◆ TASK DESCRIPTION
I would like the lines below, from the one with "Quetzalcoatl Entertainment presents" through the one with "You can also add", copied exactly and without any pictures.

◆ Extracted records

BEGIN

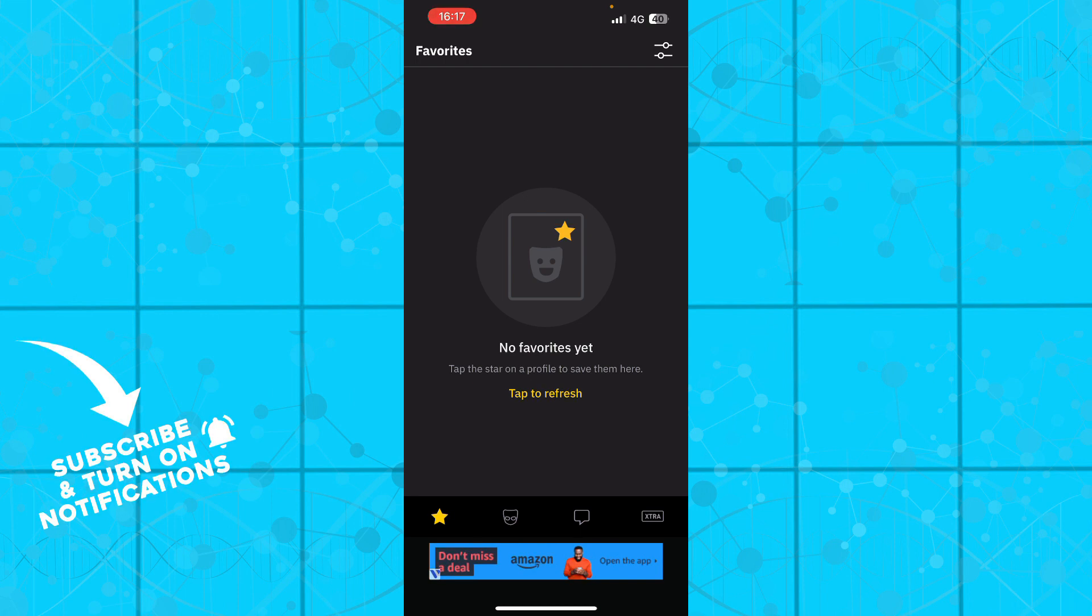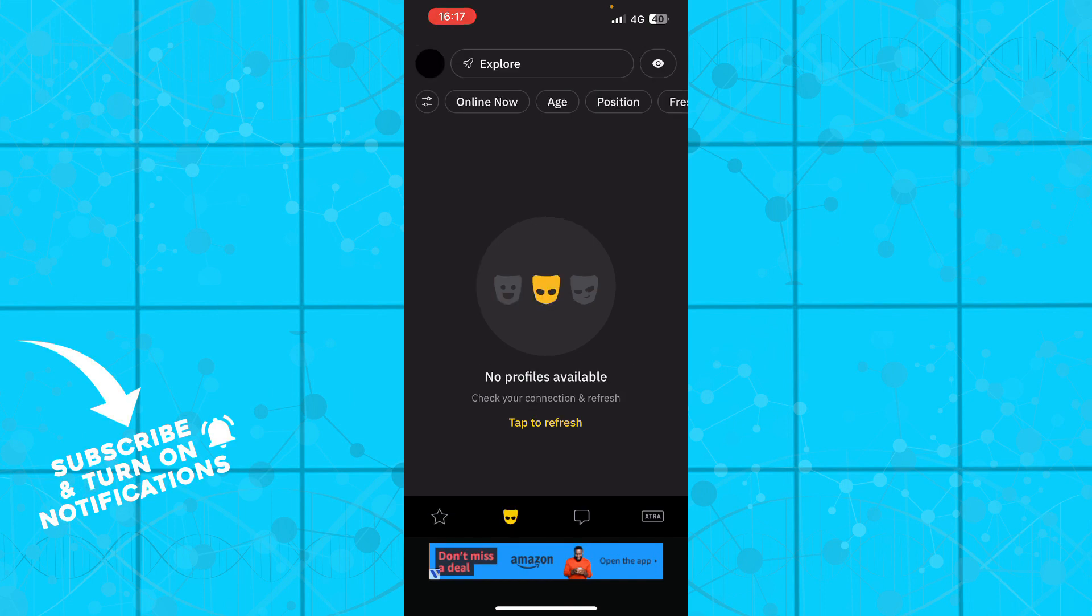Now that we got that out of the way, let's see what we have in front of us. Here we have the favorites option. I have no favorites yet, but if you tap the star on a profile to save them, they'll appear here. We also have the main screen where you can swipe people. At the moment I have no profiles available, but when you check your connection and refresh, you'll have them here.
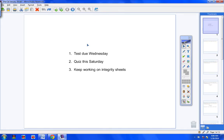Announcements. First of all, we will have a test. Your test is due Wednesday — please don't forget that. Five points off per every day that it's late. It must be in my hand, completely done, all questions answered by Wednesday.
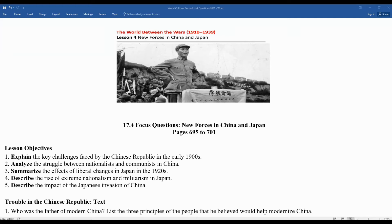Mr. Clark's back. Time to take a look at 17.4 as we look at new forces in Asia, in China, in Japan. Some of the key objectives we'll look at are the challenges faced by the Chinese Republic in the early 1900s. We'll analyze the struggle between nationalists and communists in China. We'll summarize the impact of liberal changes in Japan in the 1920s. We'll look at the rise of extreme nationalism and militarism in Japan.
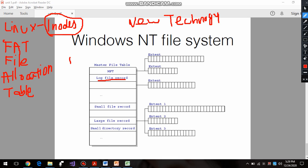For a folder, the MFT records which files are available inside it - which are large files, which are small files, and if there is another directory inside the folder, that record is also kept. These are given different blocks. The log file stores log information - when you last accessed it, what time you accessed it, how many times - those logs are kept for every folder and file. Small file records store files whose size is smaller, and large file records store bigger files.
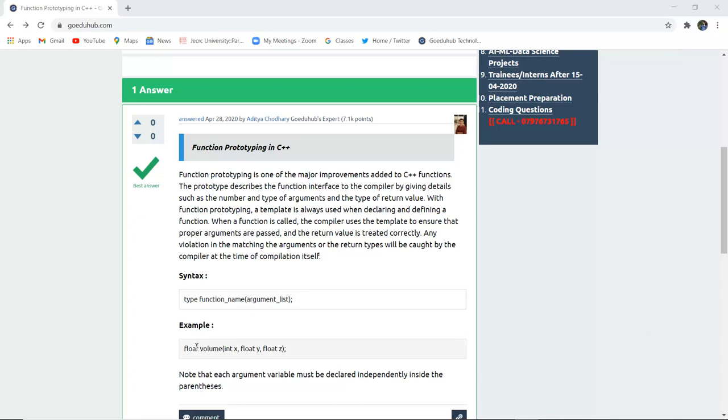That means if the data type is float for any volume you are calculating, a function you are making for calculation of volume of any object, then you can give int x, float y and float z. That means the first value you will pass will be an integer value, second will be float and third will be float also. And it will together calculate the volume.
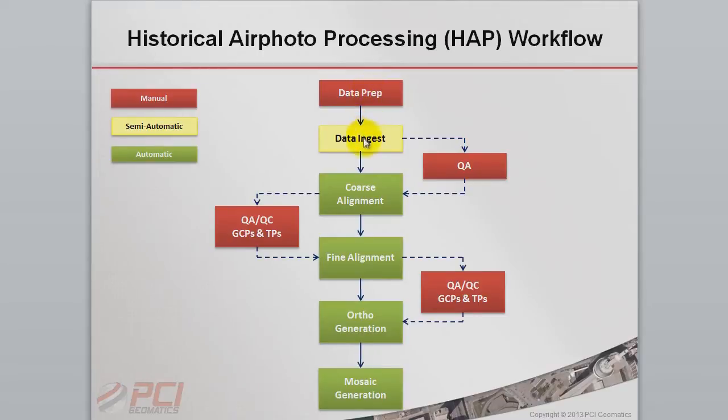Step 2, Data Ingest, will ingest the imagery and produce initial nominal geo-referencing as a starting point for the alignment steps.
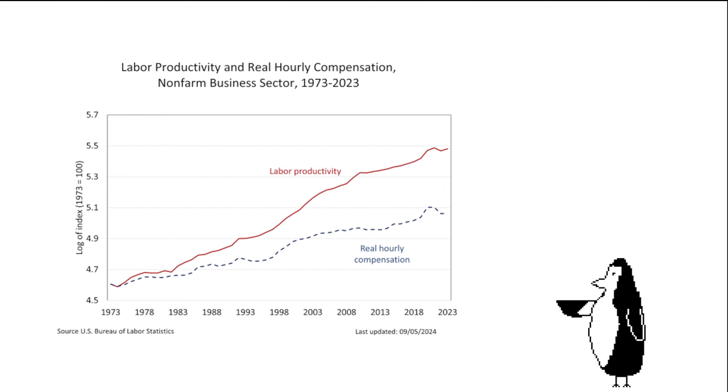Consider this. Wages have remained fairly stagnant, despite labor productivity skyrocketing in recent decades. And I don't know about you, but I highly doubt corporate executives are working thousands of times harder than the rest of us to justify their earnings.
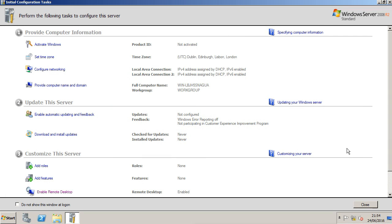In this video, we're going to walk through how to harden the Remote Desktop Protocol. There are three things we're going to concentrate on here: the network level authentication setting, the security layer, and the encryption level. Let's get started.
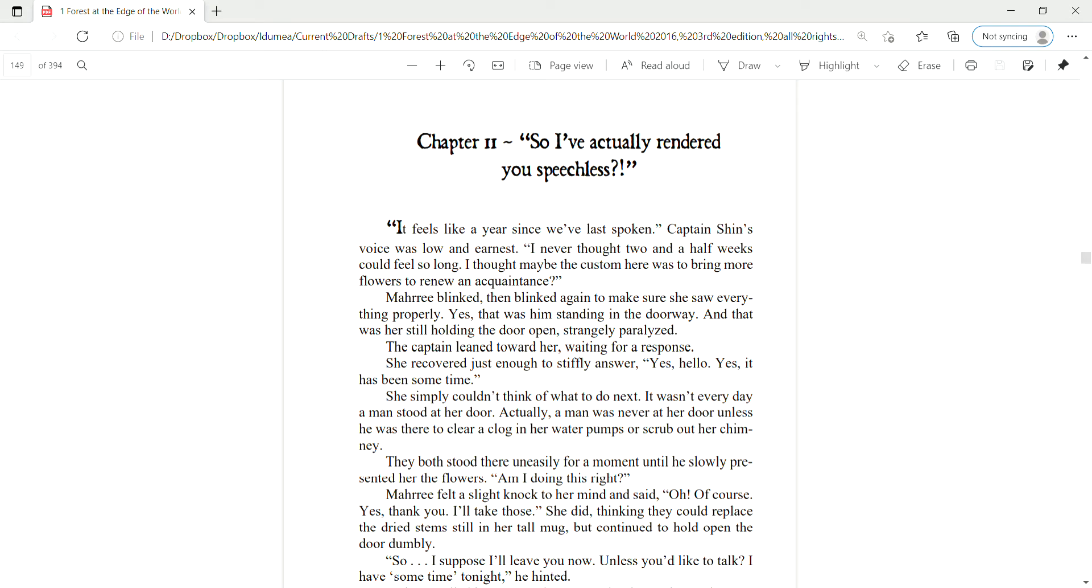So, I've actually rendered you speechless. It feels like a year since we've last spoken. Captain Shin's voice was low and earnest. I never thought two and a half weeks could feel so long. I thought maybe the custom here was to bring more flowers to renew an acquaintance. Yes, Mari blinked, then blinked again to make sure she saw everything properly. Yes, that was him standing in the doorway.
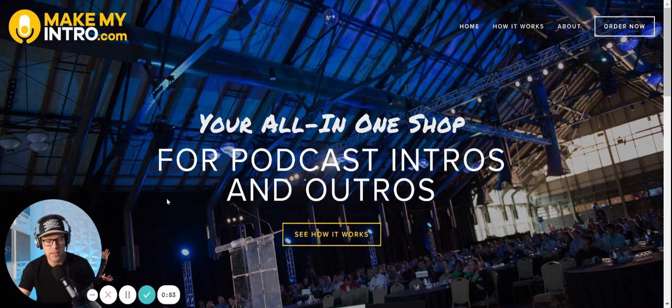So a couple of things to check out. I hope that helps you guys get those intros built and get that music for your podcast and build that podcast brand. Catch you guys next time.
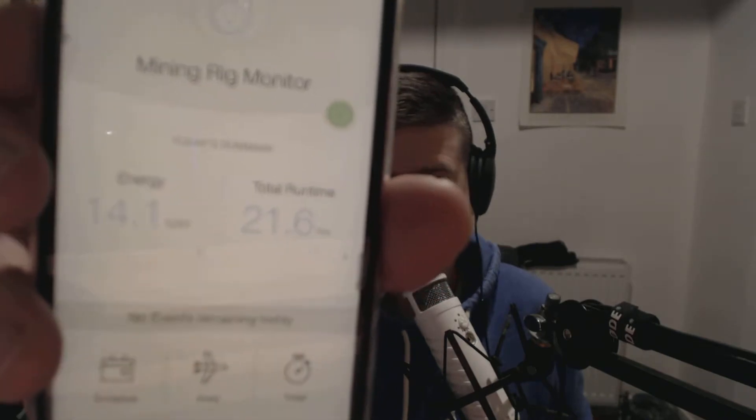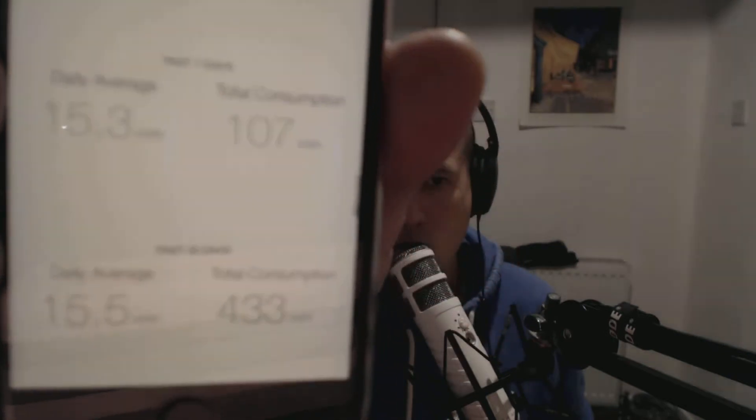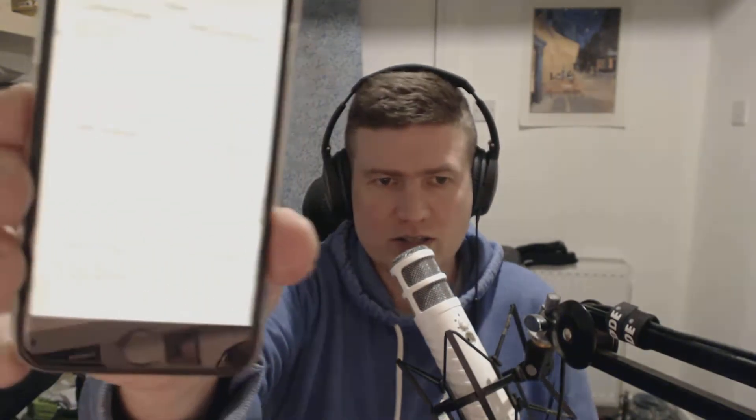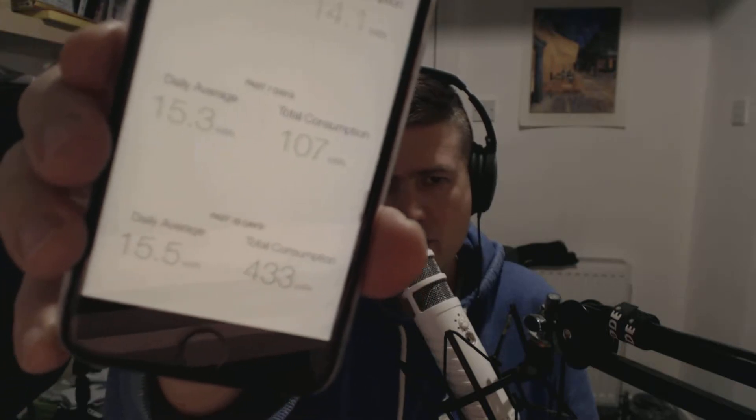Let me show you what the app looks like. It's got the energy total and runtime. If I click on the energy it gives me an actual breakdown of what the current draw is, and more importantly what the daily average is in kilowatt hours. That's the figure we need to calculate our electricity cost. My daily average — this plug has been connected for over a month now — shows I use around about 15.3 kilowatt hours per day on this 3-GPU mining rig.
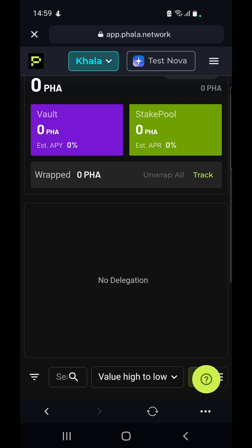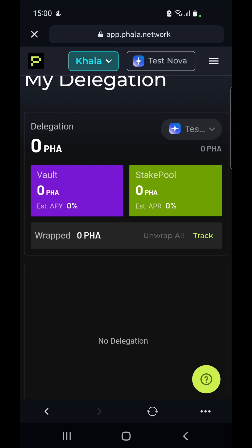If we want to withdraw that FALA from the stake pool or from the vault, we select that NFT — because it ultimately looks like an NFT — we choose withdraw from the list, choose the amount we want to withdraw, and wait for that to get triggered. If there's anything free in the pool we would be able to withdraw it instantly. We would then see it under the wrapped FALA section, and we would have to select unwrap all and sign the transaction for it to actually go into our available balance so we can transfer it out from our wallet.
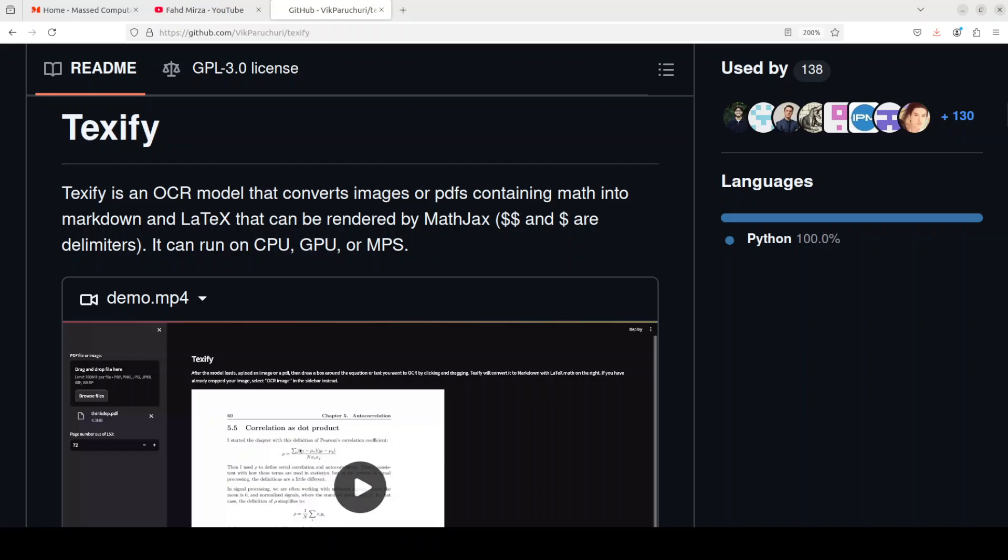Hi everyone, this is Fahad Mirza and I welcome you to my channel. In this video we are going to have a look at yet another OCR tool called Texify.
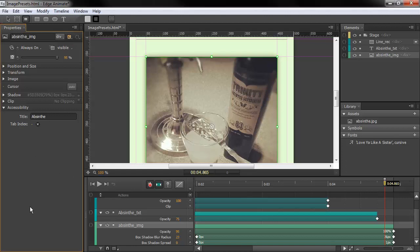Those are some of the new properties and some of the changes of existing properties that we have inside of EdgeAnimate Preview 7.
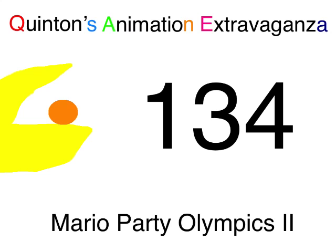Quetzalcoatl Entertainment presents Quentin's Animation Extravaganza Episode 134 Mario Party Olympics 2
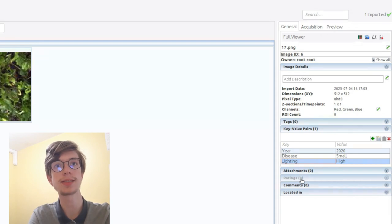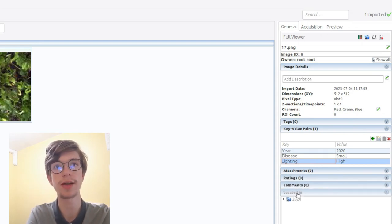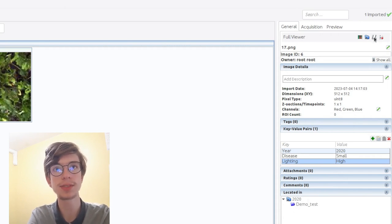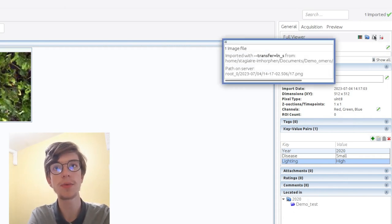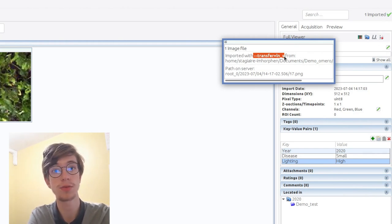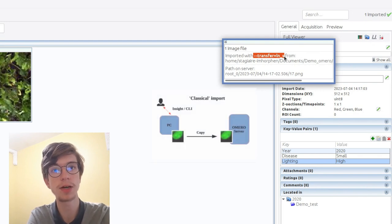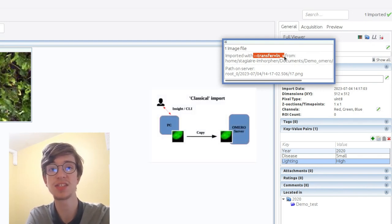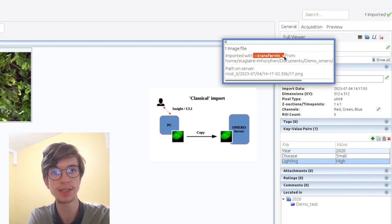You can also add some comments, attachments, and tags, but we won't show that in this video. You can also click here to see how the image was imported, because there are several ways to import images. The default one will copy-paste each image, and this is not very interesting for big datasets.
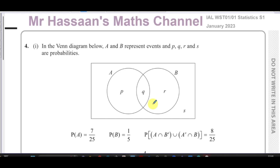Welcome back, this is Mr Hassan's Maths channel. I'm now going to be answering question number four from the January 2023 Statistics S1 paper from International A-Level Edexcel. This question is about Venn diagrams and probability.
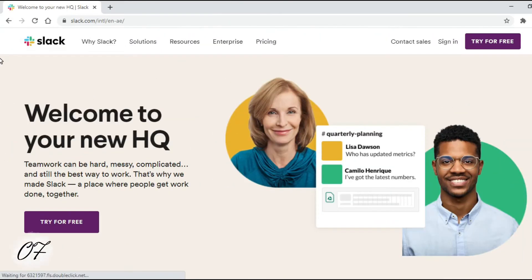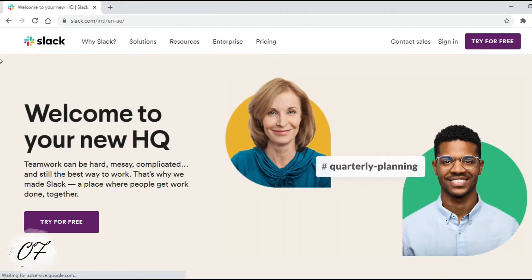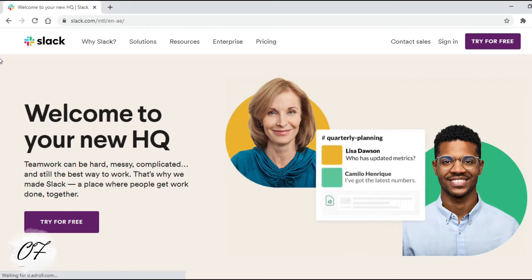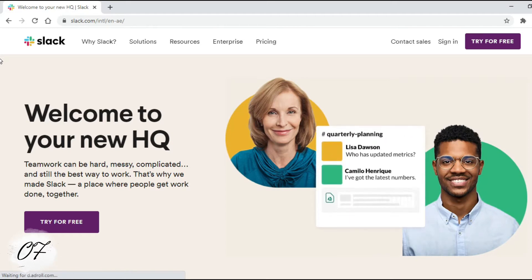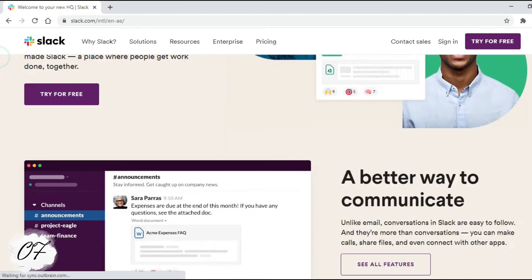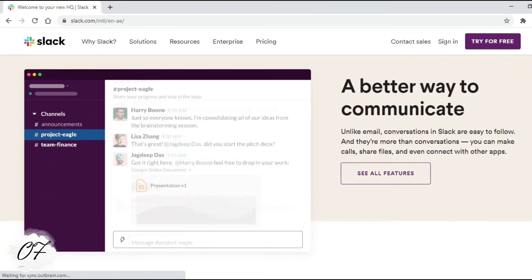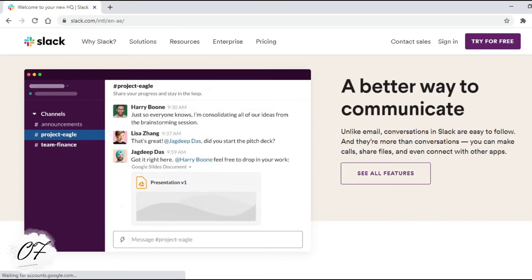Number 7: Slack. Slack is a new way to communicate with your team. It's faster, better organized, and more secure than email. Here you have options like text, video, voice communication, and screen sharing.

END

◆ TASK RESPONSE
Quetzalcoatl Entertainment presents Quentin's Animation Extravaganza Episode 134 Mario Party Olympics 2
You can also add some comments, attachments, and tags, but we won't show that in this video. You can also click here to see how the image was imported, because there are several ways to import images. The default one will copy-paste each image, and this is not very interesting for big datasets.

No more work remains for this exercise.